TASK TO CARRY OUT: Please output exactly the lines that run from the line with "Personalized Brazil Japan" through the final line of the data, inclusive, and nothing more.

DATA SHOWN:
Start of Block
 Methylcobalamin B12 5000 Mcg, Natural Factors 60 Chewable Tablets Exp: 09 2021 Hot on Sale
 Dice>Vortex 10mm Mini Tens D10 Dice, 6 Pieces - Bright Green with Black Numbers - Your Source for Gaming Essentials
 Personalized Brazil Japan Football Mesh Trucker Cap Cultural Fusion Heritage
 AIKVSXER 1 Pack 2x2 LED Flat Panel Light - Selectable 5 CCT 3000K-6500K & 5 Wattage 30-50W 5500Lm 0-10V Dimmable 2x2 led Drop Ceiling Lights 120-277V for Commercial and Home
End of Block
RESULT:
 Personalized Brazil Japan Football Mesh Trucker Cap Cultural Fusion Heritage
 AIKVSXER 1 Pack 2x2 LED Flat Panel Light - Selectable 5 CCT 3000K-6500K & 5 Wattage 30-50W 5500Lm 0-10V Dimmable 2x2 led Drop Ceiling Lights 120-277V for Commercial and Home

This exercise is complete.